* **Problem to work on**
Starting with the line that holds "PRADA プラダ テスート", repeat each line through the last one below, exactly. Pictures stay out.
-------
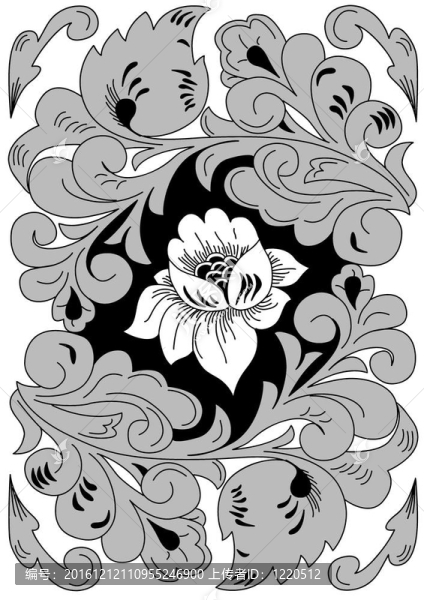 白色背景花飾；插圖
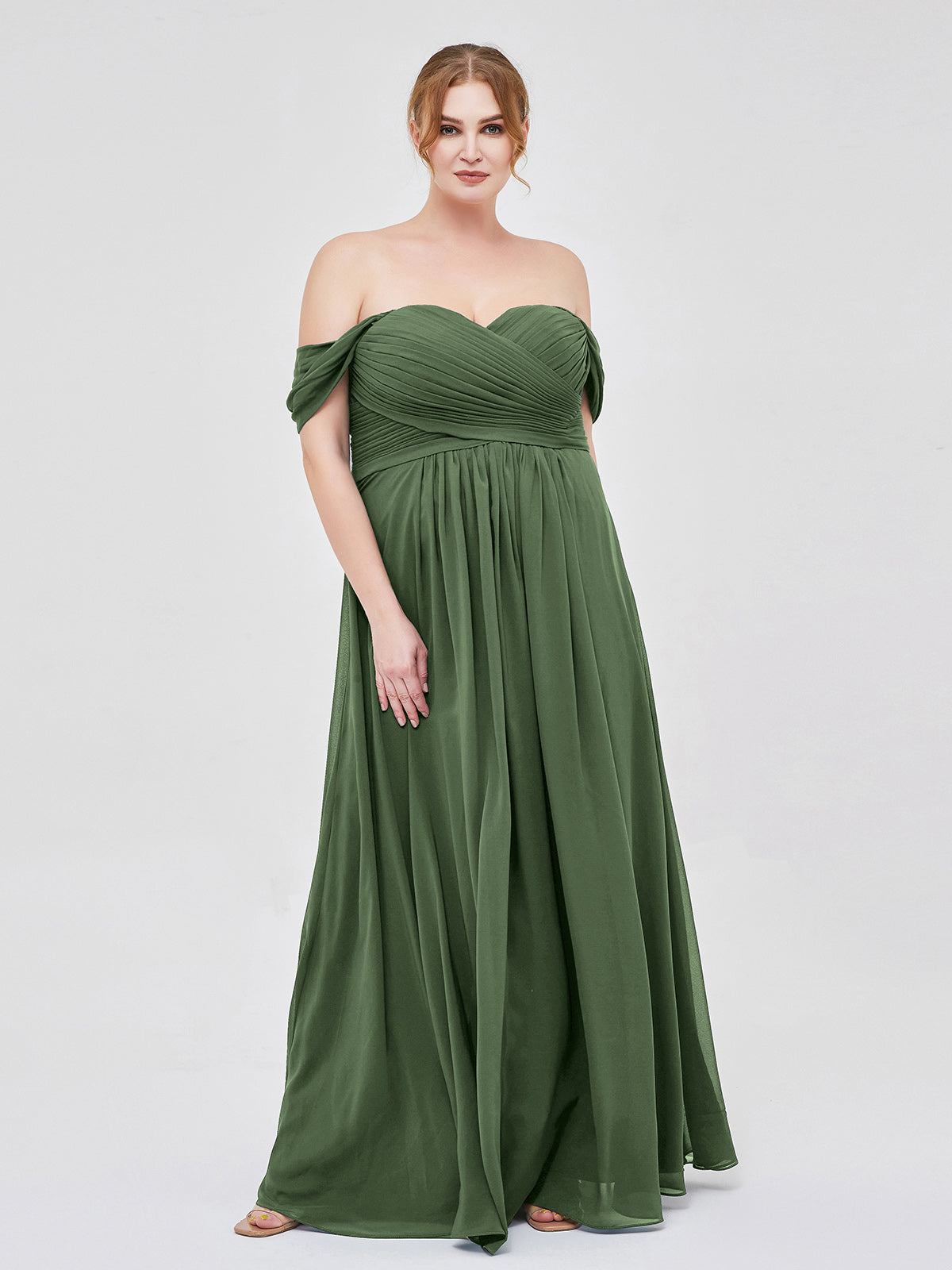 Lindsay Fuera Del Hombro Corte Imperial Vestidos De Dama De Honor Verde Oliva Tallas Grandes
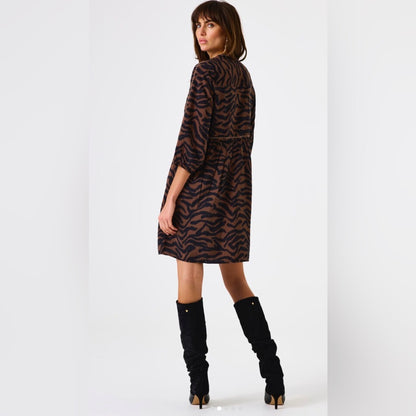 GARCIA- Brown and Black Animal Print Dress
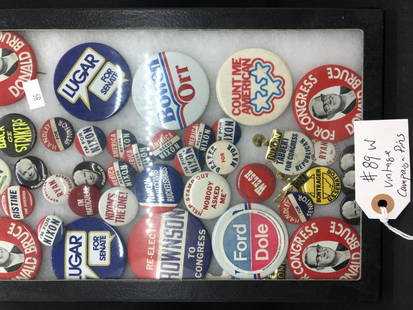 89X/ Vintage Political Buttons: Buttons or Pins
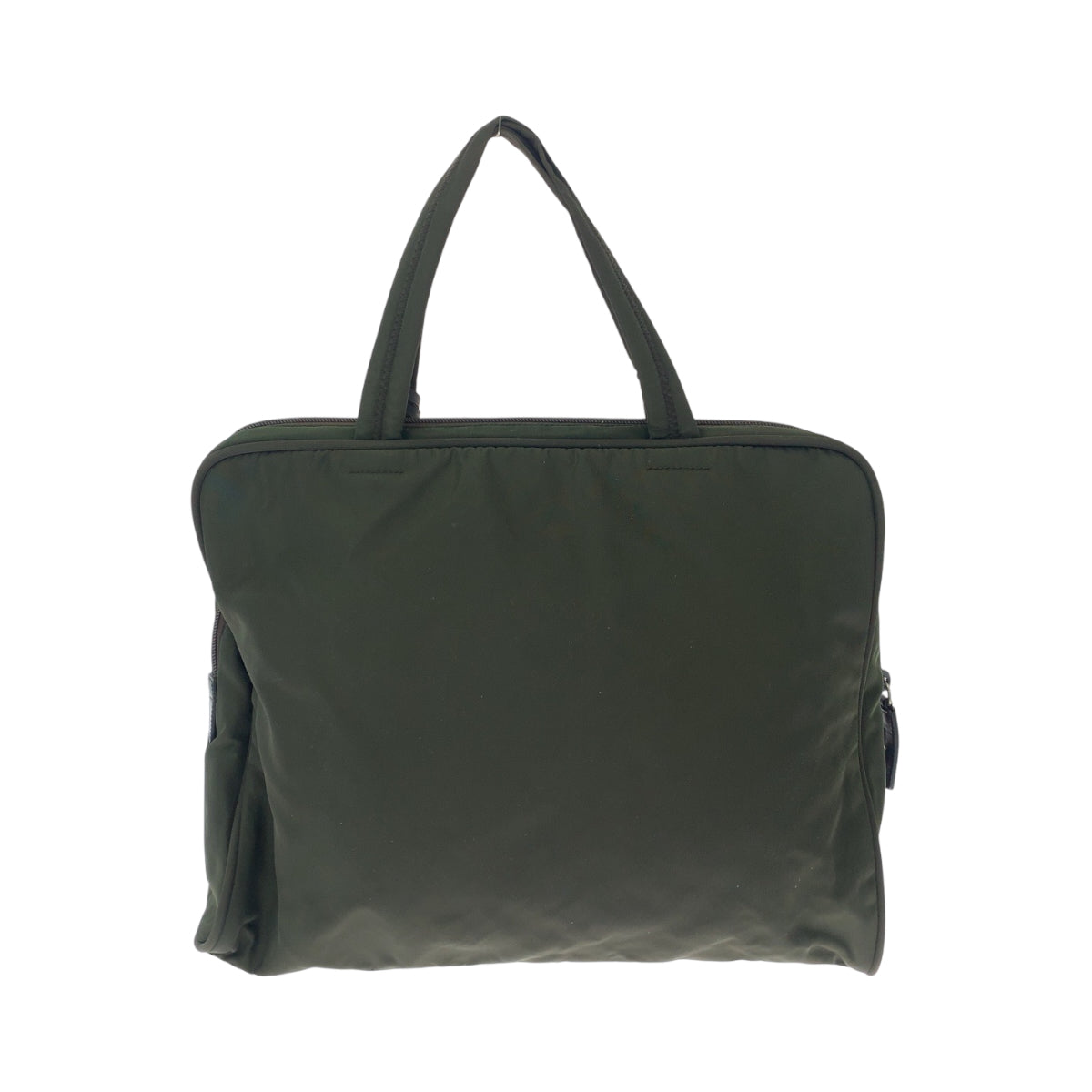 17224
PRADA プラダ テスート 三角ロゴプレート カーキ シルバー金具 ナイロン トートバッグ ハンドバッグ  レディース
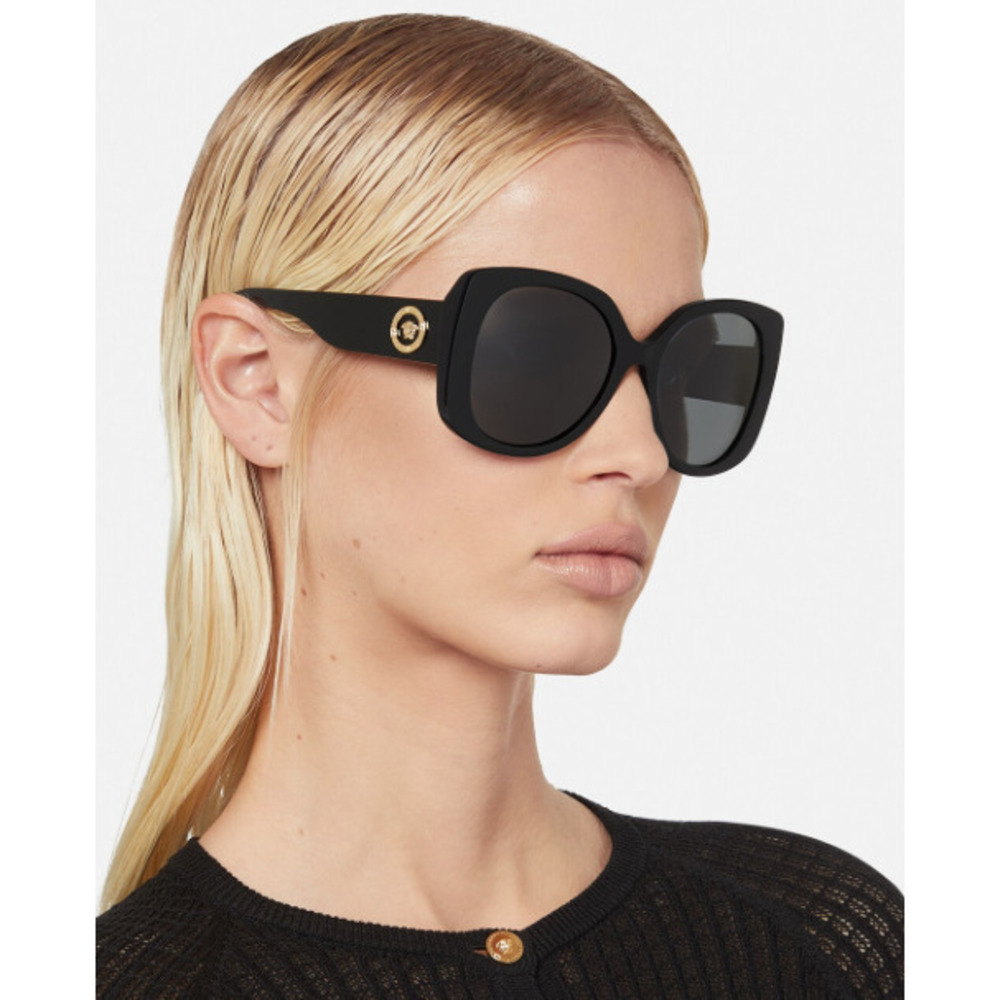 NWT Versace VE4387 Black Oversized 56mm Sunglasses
-------
* **Answer to the exercise**
PRADA プラダ テスート 三角ロゴプレート カーキ シルバー金具 ナイロン トートバッグ ハンドバッグ  レディース
 NWT Versace VE4387 Black Oversized 56mm Sunglasses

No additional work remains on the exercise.